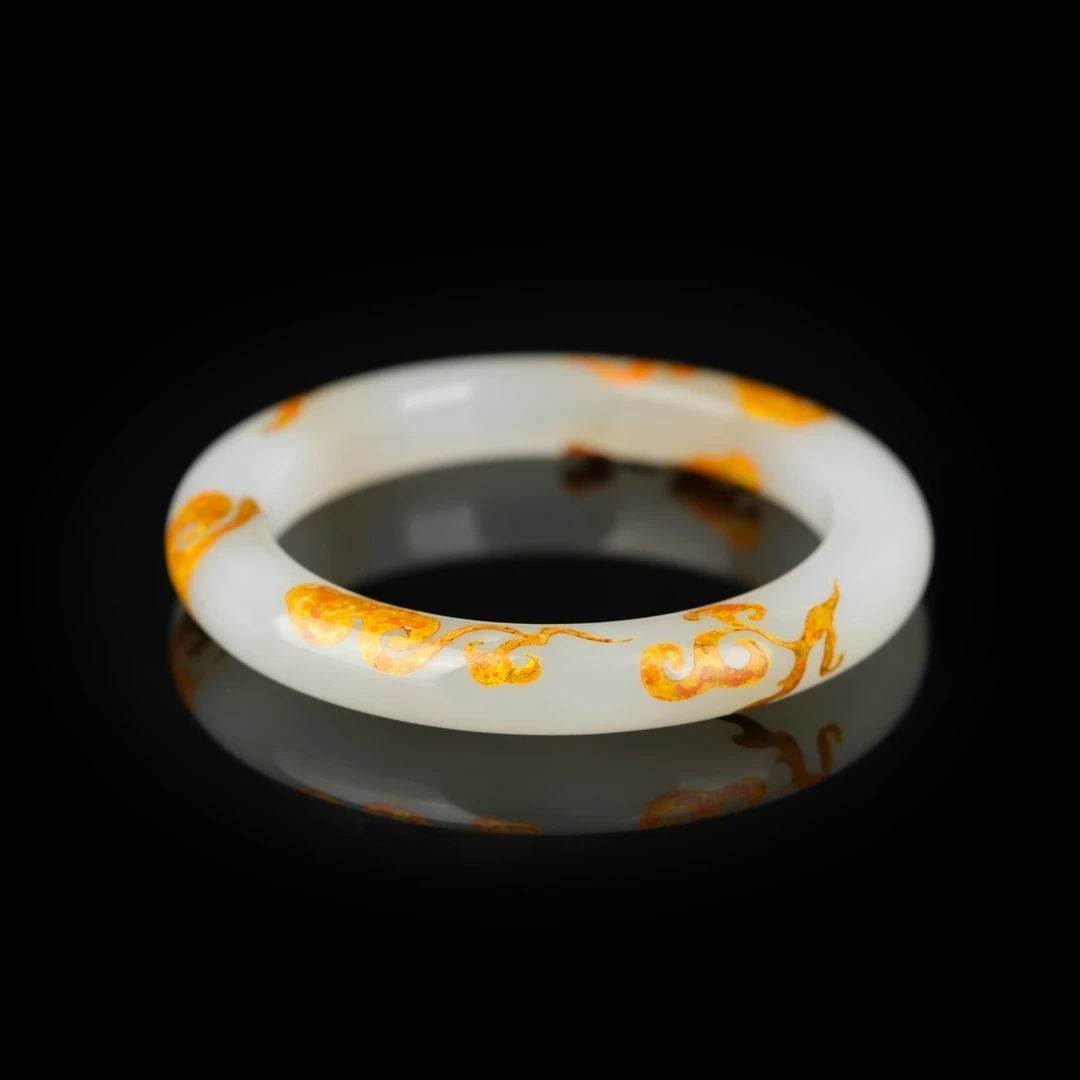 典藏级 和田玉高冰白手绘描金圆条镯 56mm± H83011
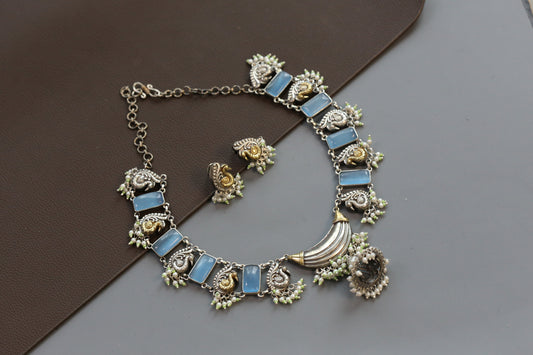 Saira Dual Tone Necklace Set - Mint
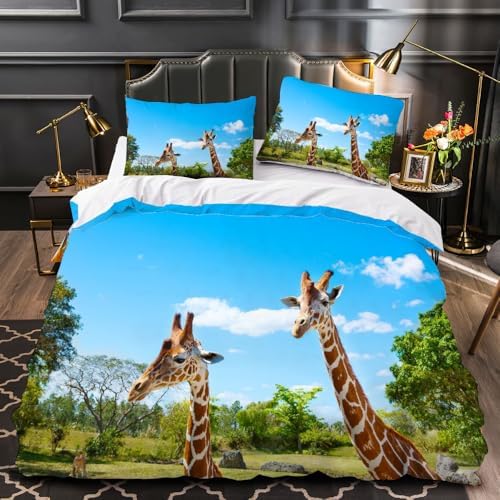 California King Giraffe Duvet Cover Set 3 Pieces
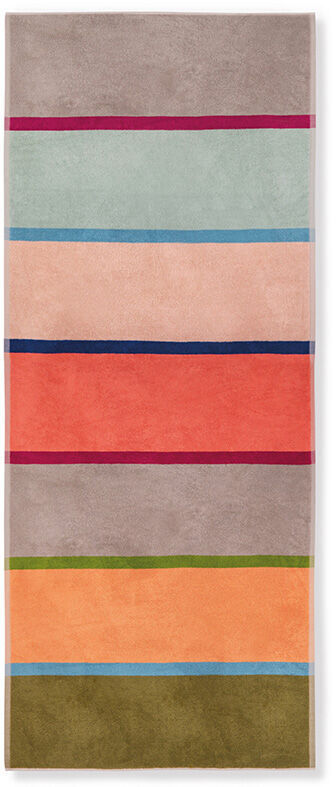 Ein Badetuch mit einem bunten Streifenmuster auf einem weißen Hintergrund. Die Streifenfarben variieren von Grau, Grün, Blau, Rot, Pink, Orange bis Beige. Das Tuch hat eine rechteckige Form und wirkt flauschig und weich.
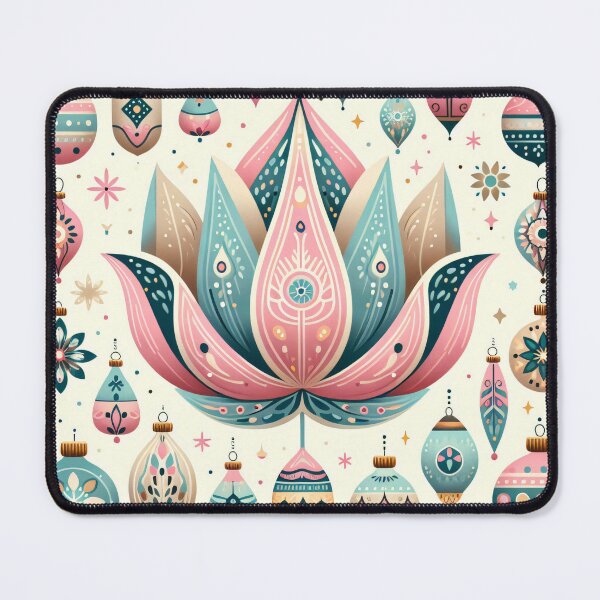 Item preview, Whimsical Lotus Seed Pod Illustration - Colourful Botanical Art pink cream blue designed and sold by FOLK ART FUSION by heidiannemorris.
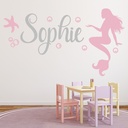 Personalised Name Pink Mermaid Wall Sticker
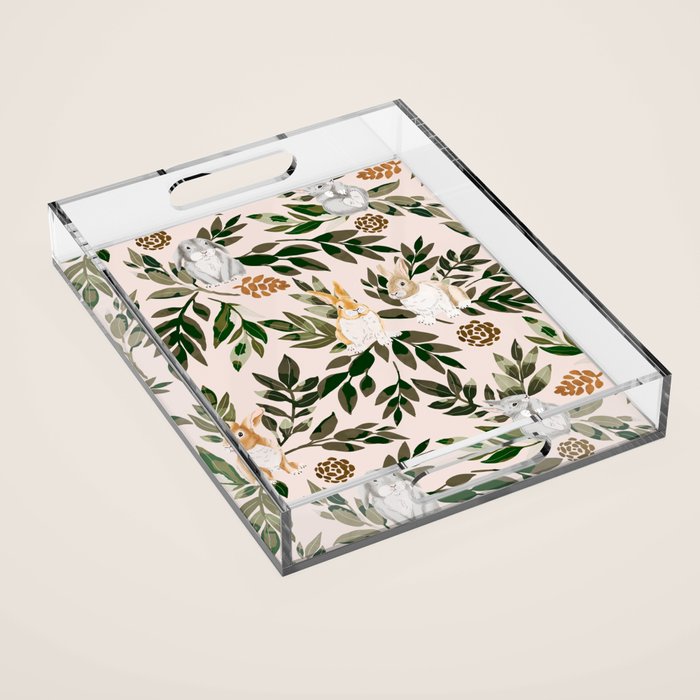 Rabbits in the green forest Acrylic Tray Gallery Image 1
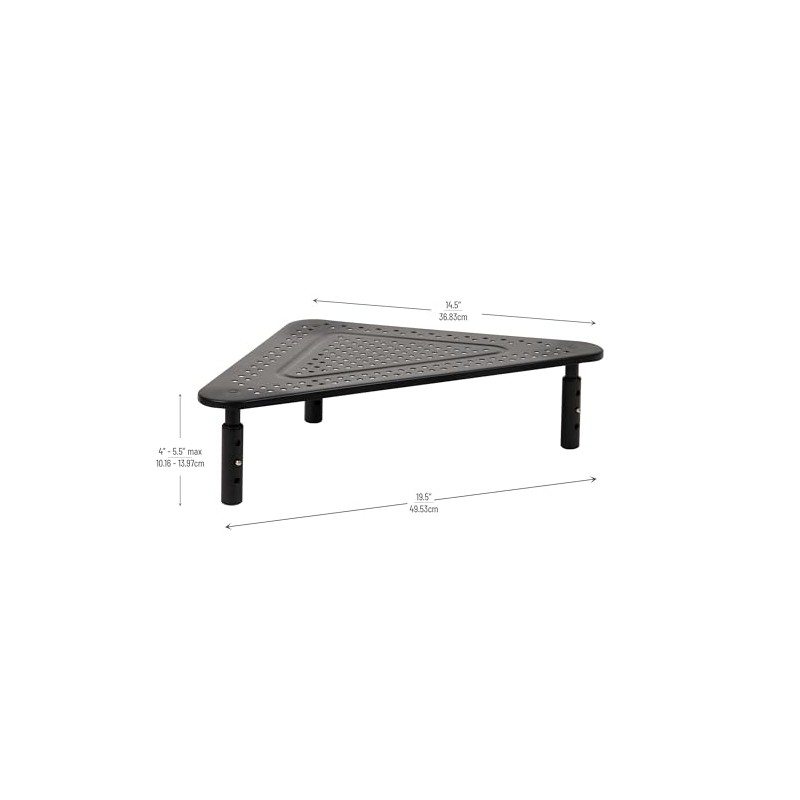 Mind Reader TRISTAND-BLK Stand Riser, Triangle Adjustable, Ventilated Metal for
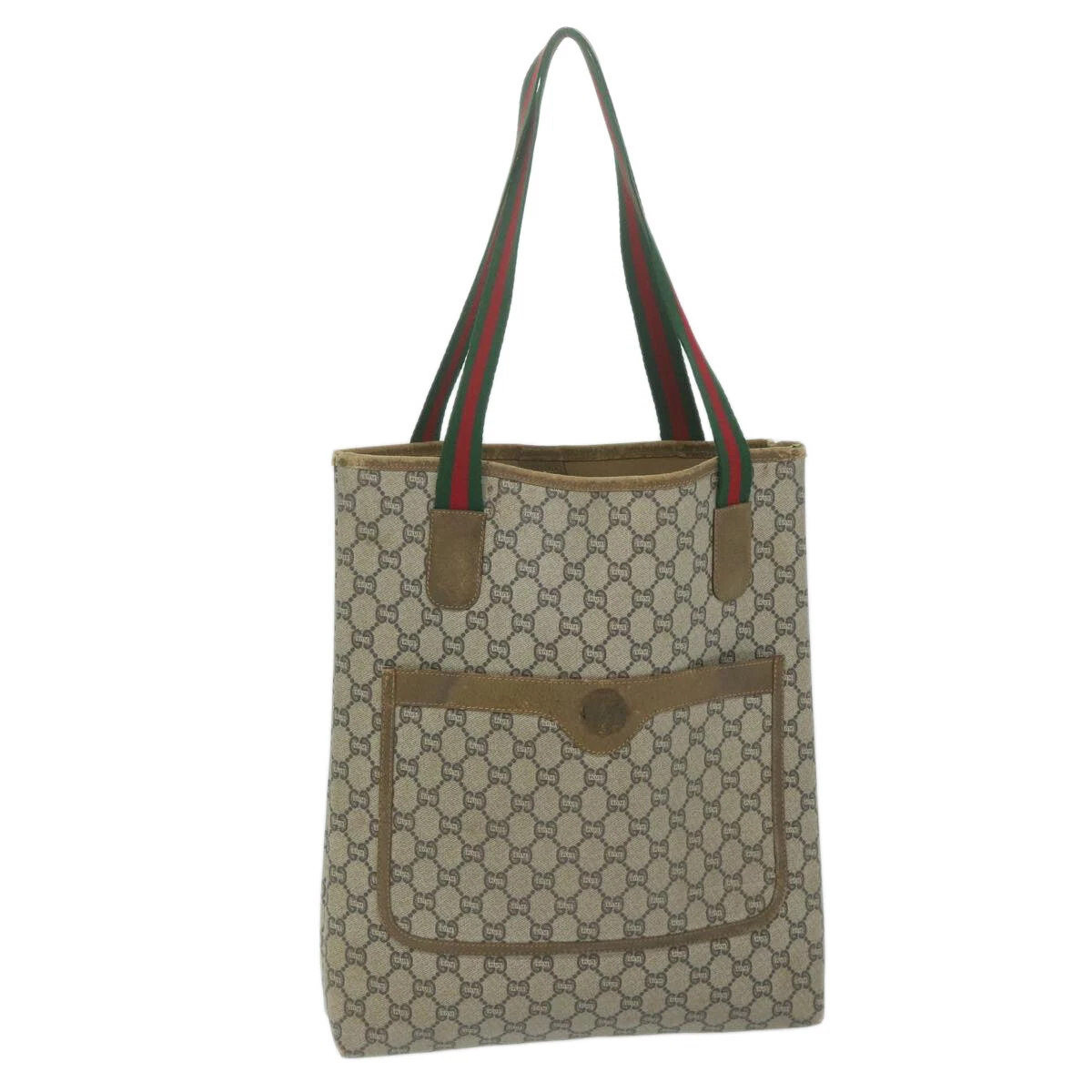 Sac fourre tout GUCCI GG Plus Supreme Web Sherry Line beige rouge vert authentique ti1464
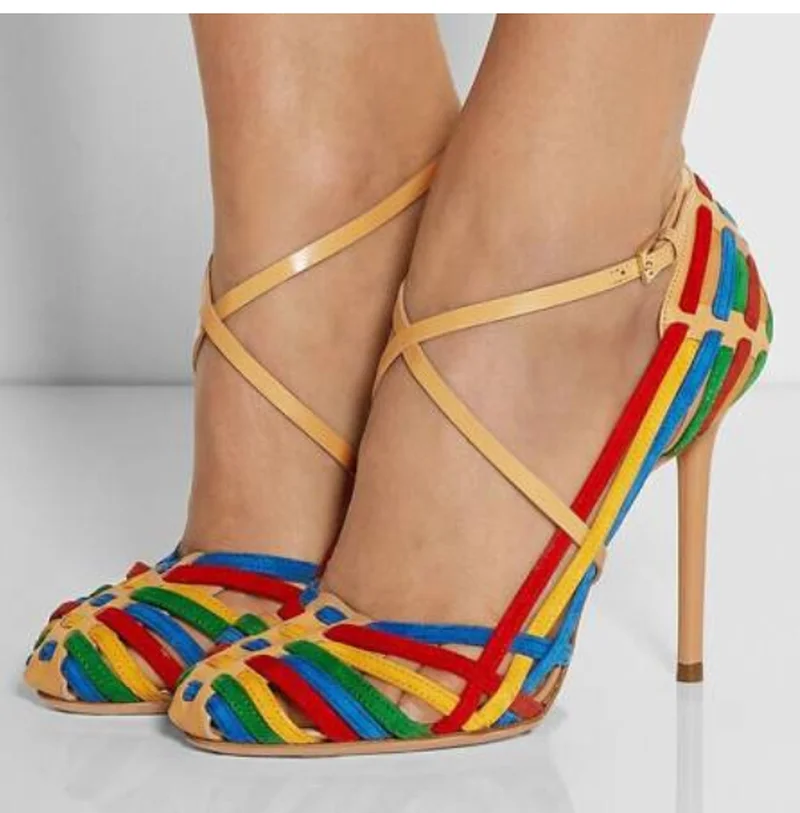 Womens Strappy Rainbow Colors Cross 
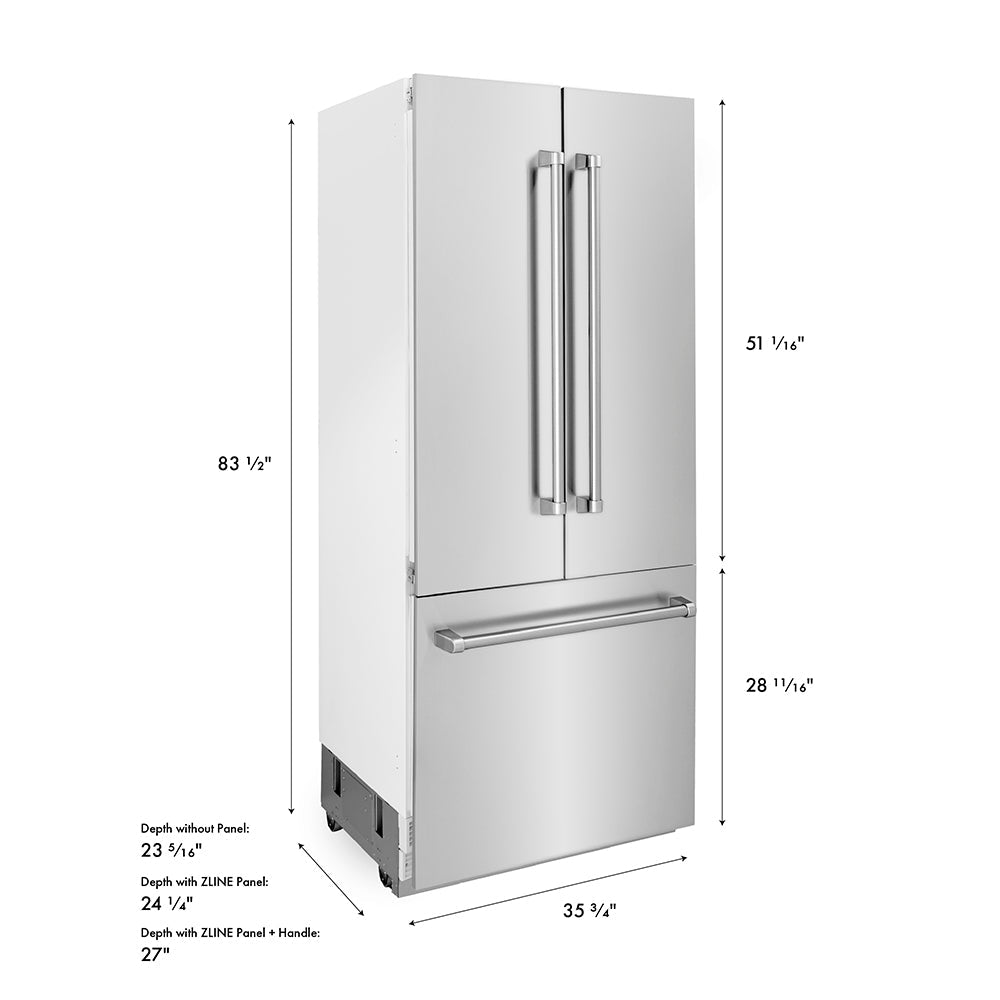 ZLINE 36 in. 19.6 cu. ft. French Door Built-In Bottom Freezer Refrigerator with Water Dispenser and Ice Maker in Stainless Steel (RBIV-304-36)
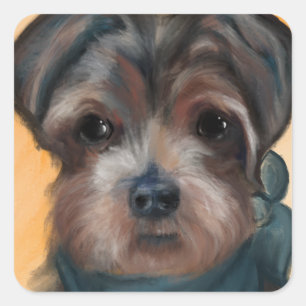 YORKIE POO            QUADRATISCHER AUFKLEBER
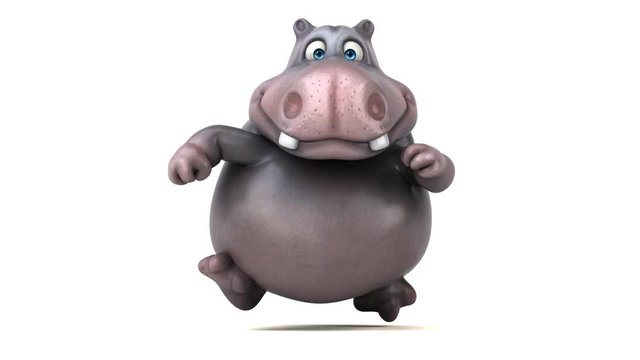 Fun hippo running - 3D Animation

▬▬▬▬▬▬

About this exercise = The data should be printed again unchanged; leave its pictures out.

Answer =
 典藏级 和田玉高冰白手绘描金圆条镯 56mm± H83011
 Saira Dual Tone Necklace Set - Mint
 California King Giraffe Duvet Cover Set 3 Pieces
 Ein Badetuch mit einem bunten Streifenmuster auf einem weißen Hintergrund. Die Streifenfarben variieren von Grau, Grün, Blau, Rot, Pink, Orange bis Beige. Das Tuch hat eine rechteckige Form und wirkt flauschig und weich.
 Item preview, Whimsical Lotus Seed Pod Illustration - Colourful Botanical Art pink cream blue designed and sold by FOLK ART FUSION by heidiannemorris.
 Personalised Name Pink Mermaid Wall Sticker
 Rabbits in the green forest Acrylic Tray Gallery Image 1
 Mind Reader TRISTAND-BLK Stand Riser, Triangle Adjustable, Ventilated Metal for
 Sac fourre tout GUCCI GG Plus Supreme Web Sherry Line beige rouge vert authentique ti1464
 Womens Strappy Rainbow Colors Cross 
 ZLINE 36 in. 19.6 cu. ft. French Door Built-In Bottom Freezer Refrigerator with Water Dispenser and Ice Maker in Stainless Steel (RBIV-304-36)
 YORKIE POO            QUADRATISCHER AUFKLEBER
 Fun hippo running - 3D Animation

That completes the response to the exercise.